- [Problem details]: Line by line, the data below should be set down unchanged, with images excluded.

━━ Stored data

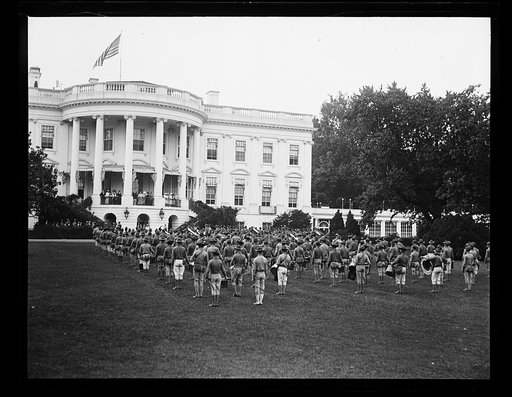 Military group parading at White House, Washington, D.C.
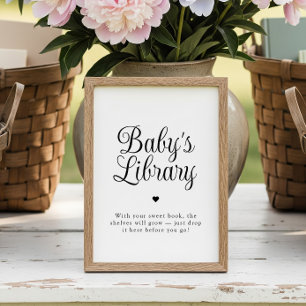 Minimalistisch bord 'Babybibliotheek' voor baby sh Poster
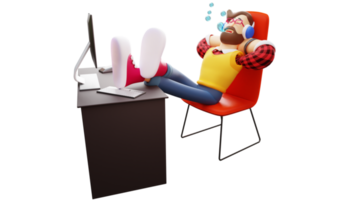 ilustração 3D. personagem de desenho animado 3d menino cansado. o jovem estava exausto e adormeceu no computador. adormeceu com os pés sobre a mesa. personagem de desenho animado 3d png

━━━━

- [Answer section]:
 Military group parading at White House, Washington, D.C.
 Minimalistisch bord 'Babybibliotheek' voor baby sh Poster
 ilustração 3D. personagem de desenho animado 3d menino cansado. o jovem estava exausto e adormeceu no computador. adormeceu com os pés sobre a mesa. personagem de desenho animado 3d png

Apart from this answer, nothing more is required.